New age technologies like the 3D-Mesh are making Hernia surgery faster, simpler, safer and less painful. Here’s how.

Surgery makes us shudder. The very thought of needles, pricks and pain and the idea of lying in bed for days makes no one happy. We worry about the outcomes of surgery, infection and how much time we will lose in the number of productive days. There is the internet for us, probably to confuse us, probably to guide us, but that would depend on what page you are reading. There is so much information on the net that is not authenticated. However, surgery like technology is progressing fast and it is touching our lives. Today one of them has been Day Care Hernia Surgery.

Day Care Hernia Surgery

Day Care Hernia Surgery is where a person admits into a medical institution, undergoes hernia surgery and discharges home on the same day. One may think it is all about marketing and propaganda, but technology is helping surgeons to provide better care with better and safer results. It has been proved by medical literature. Going are the days when a surgeon will ask you to stay at the hospital for several days. Of course, there are exceptions.

New technologies make Hernia surgery simple

Day Care Hernia surgery is now safer and better because of superior anaesthetic drugs. Several types of hernia surgery can be done under local anaesthesia, i.e. the same anaesthetic that your dentist would use to extract a tooth. Local anaesthesia is simpler and acts only at the site of the surgery, so we are not interfering with other systems in the body such as the conscious level. The patient can be awake during the surgery and speak to the surgeon all through his surgery. The other advantage we have is that the local anaesthetic lasts longer than the surgery and hence is able to give pain relief beyond the surgery time. This allows the surgeon time to give analgesics to take over the pain when the local anaesthetic wears out. Analgesics are better today, act longer with better safer profiles. When a patient is free from pain he is able to go home quickly.

A hernia is a defect(gap) in the muscles that allows internal organs such as the bowel to protrude out. Although many patients have no pain in hernia, they often land up in an emergency due to strangulation of the bowel. This is a potentially life-threatening condition and will require immediate surgical intervention with the release of the trapped bowel and repair of the hernia defect with a prosthetic material to cover it.

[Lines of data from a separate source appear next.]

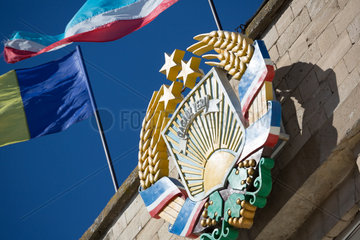Republik Moldau  Gagausien  Comrat - Das Wappen der Autonomen Region Gagausien auf dem Regierungsgebaeude  sowie Fahnen der Republik Moldau (L) und Gagausiens
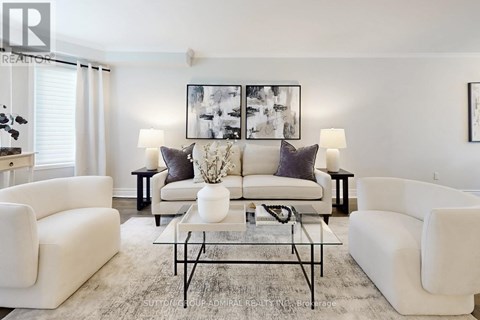 A living room with white furniture and a large painting on the wall.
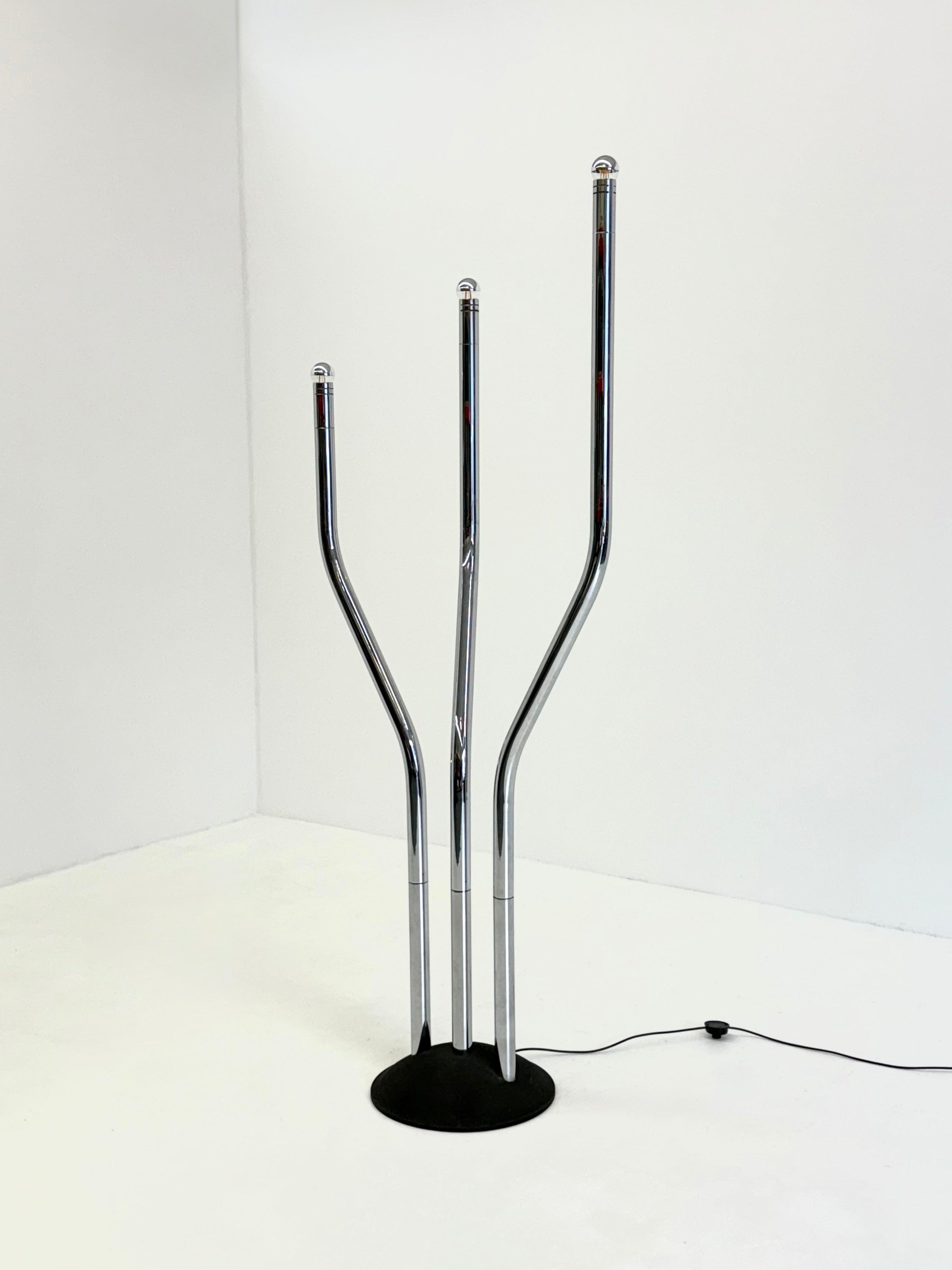 Chrome tubular frame designer floor lamp by Goffredo Reggiani — in context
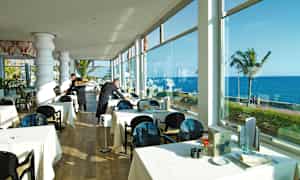 Restaurang med dukade bord nära fönster med havsutsikt. (AI-genererad text)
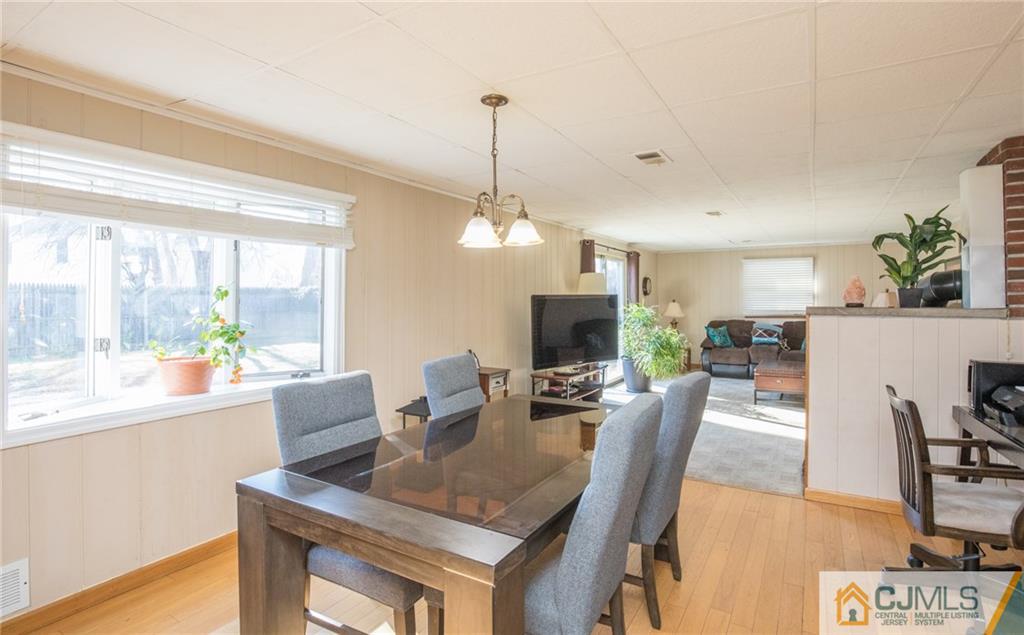 48 Caldwell Road Edison, NJ 08817 - Photo 20 of 24 a view of a dining room with furniture window and wooden floor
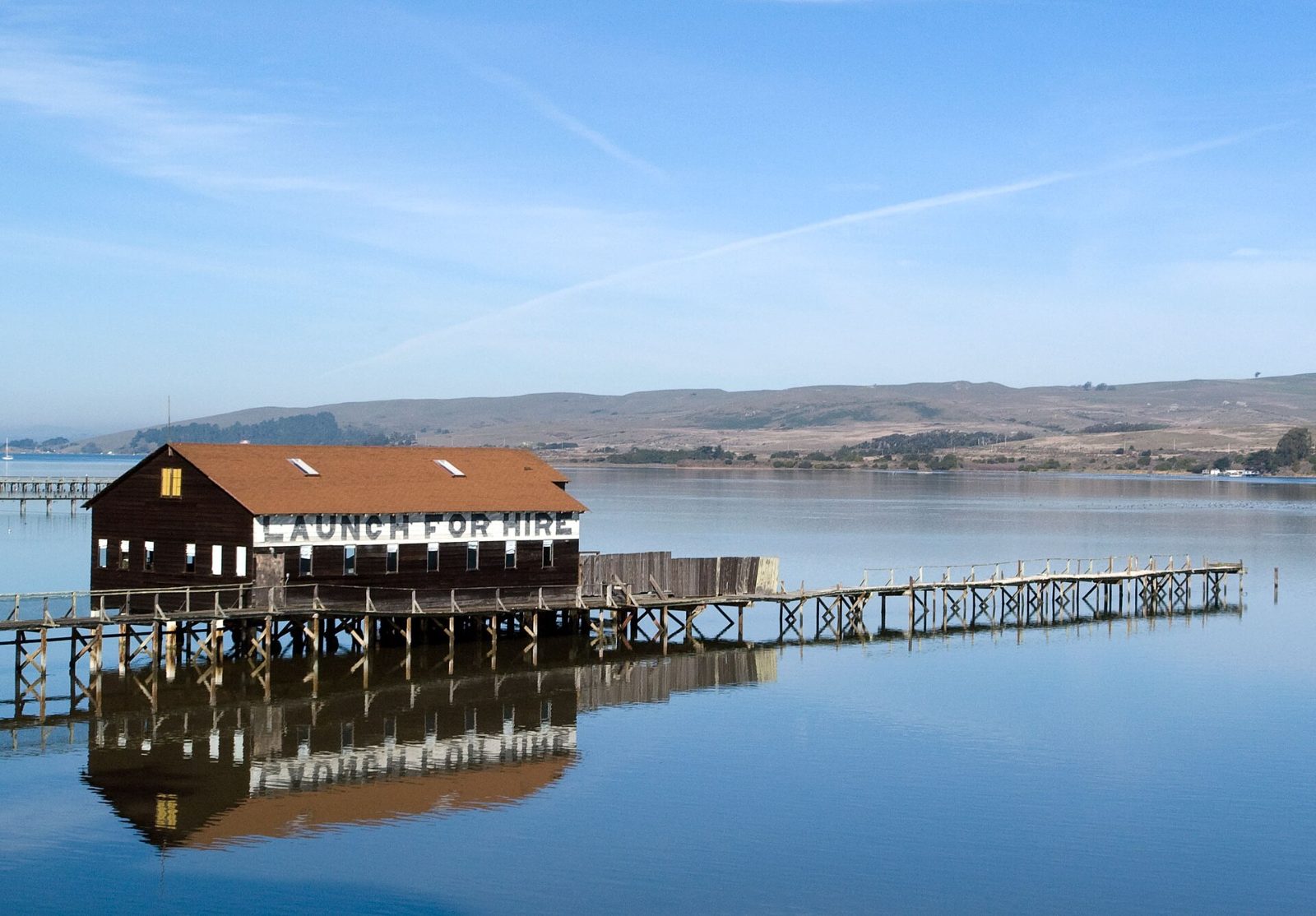 The red Brock Schreiber Boathouse on stilts over Tomales Bay in Inverness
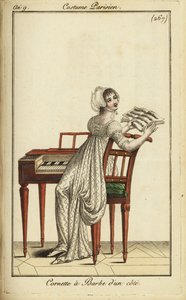 Donna alla moda che suona un clavicembalo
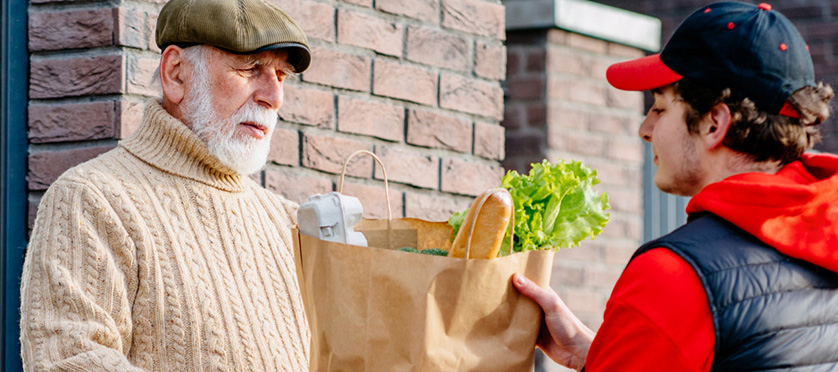 A senior man receiving a home grocery delivery.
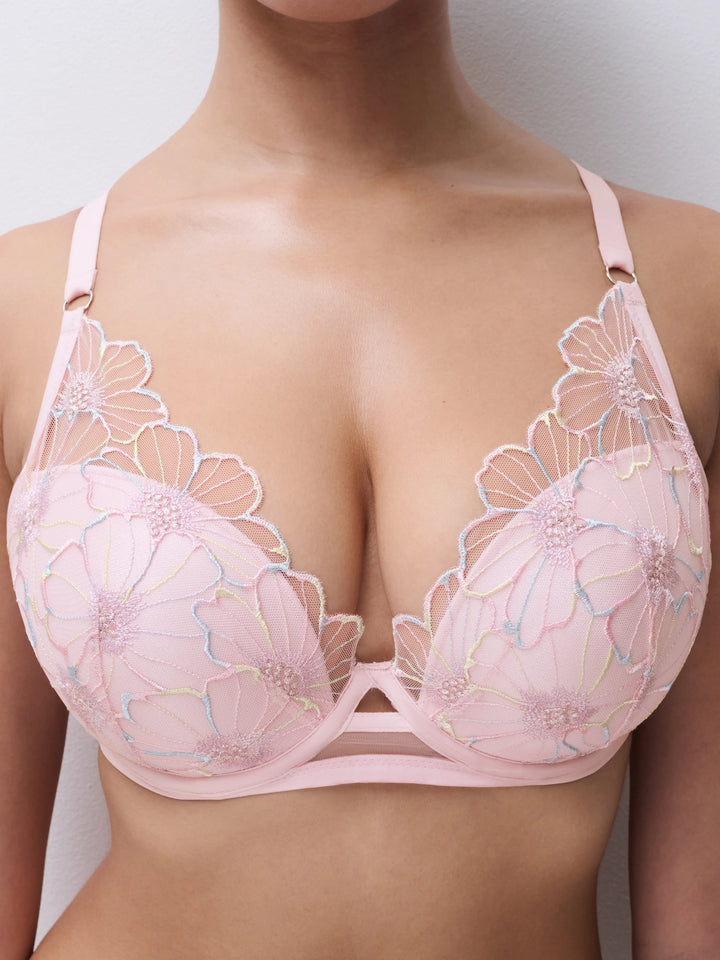 Pink floral lace bra on a neutral background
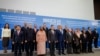 FILE - Officials pose for a group photo during a meeting of the BRICS Plus Ministerial Council in the city of Nizhny Novgorod, Russia, June 11, 2024.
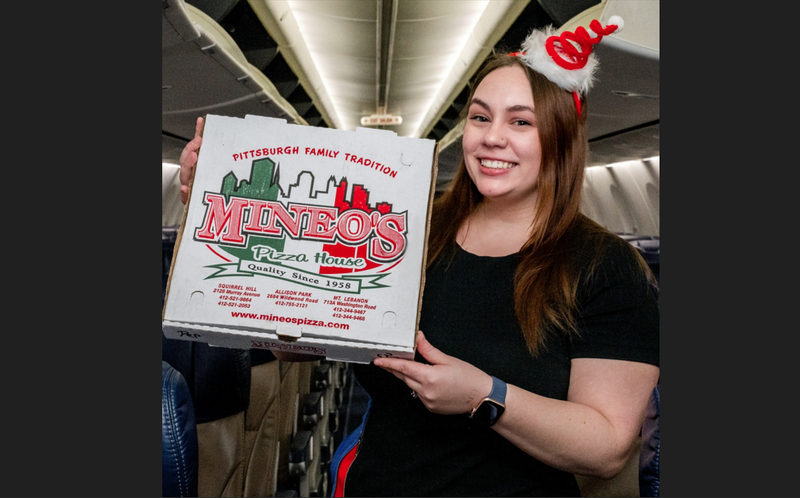 Woman holding a box of Mineo's pizza inside an airplane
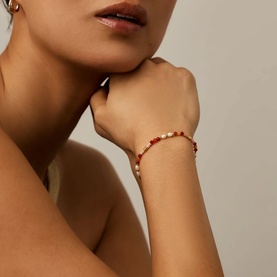 Model with Missoma bracelet in gold and red, featuring pearl and red bead detailing on wrist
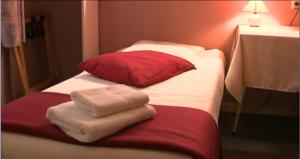 a bed with two towels and a red pillow at Hotel Anvers in De Panne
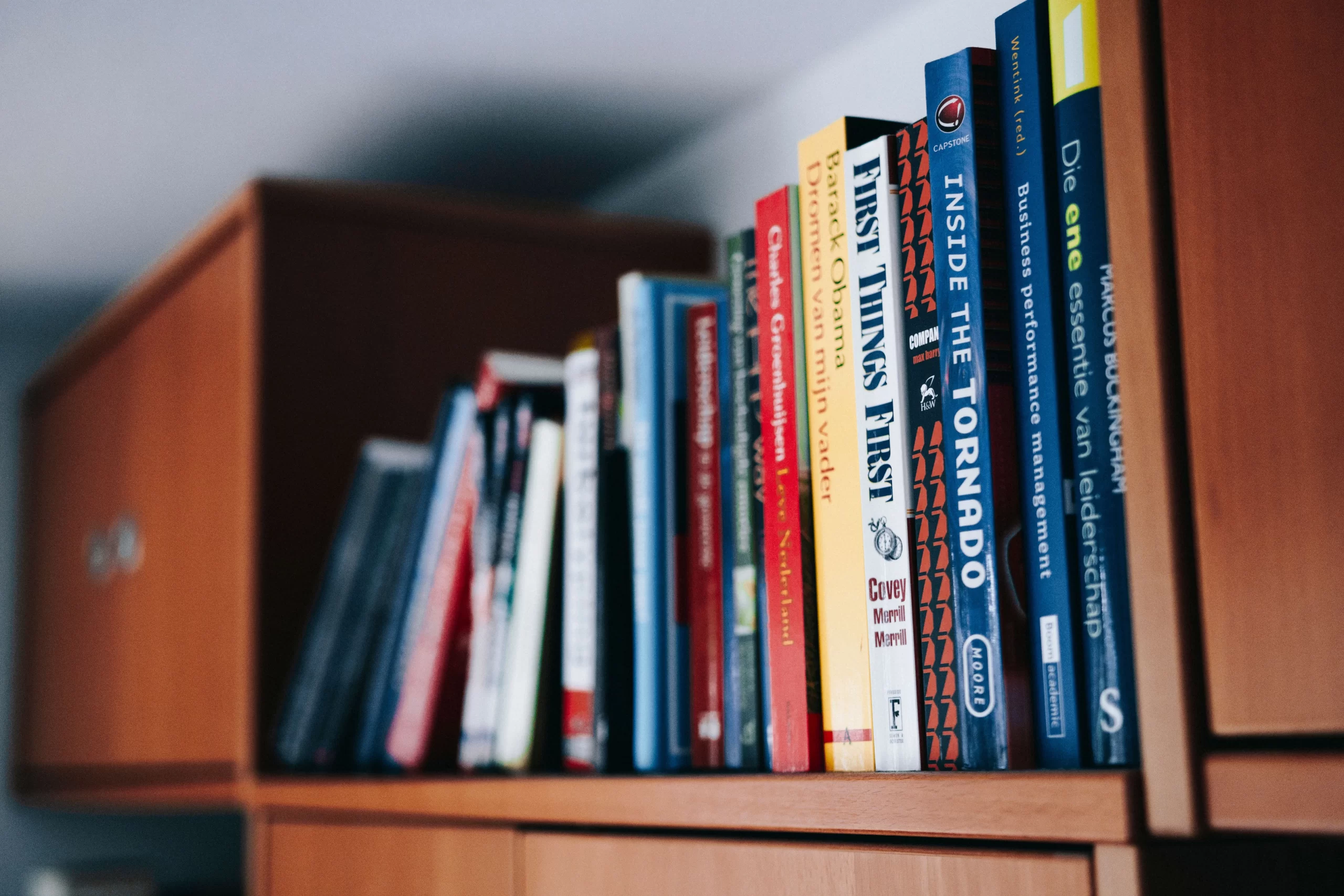 Books neatly arranged on a wooden bookshelf.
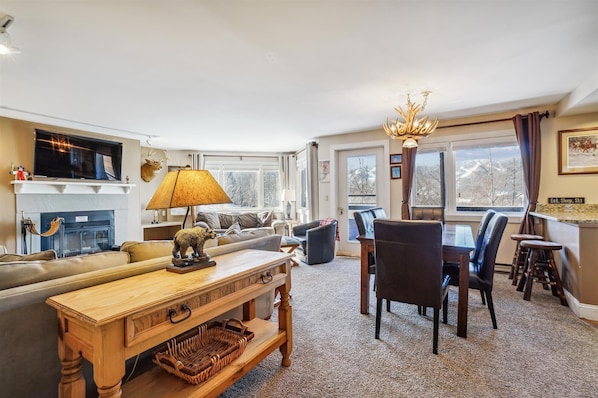 A cozy, rustic living and dining space with a fireplace and mountain views.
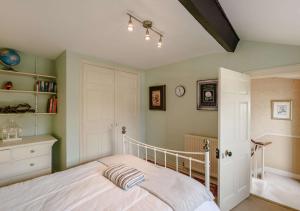 a bedroom with a bed and a book shelf at Kingston House in West Witton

Hernia Mesh technologies : Old and New

Earlier prosthetic materials were made using polypropylene and polyester. These are inert polymers and remain relatively safe in the patient’s body. However, they have the disadvantage of shrinkage and therefore had the ability to slide from side to side. This potentially would expose the hernia defect once again leading to an unwanted recurrence. Today we have a three-dimensional mesh (3D mesh) which is made of two layers of mesh connected to each other by a cylinder of mesh. This allows the surgeon to place the mesh cylinder across the hernia defect/gap, such that, a single layer of mesh is on either side of the defect. This acts like a bolt and nut phenomenon and prevents displacement of the mesh giving a more secure hernia repair. Further, the mesh is now made of a lightweight inert composite polymer that is strong and stretches,  allowing the patient to be more comfortable.

Mesh in hernia surgery was being sutured with stitches to fix them to the muscles so that they anchor well. But this had the disadvantage of pain. Today we fix meshes with fibrin glue. Fibrin is a constituent that is manufactured by the body whenever there is a bleed to seal. Biotechnology now manufactures this glue for the surgeon to use, to fix the patient‘s mesh evenly on the muscles. Since it is a uniform fixation it is better and prevents inadvertent strangulation of nerves below.

Skin wounds are closed with cyanoacrylate glues after surgery. The fixation provided by today’s surgical glue is so strong that we are able to allow our patients to walk back from the operation theatre after surgery. The glues allow a patient to have a normal bath after the surgery. There are no more dressings, no more stitches that need to be removed and hence less pain.

Definitely, the surgeon today has many more things at his disposal to make his patient comfortable and allow his patient home safely on the same day of hernia surgery.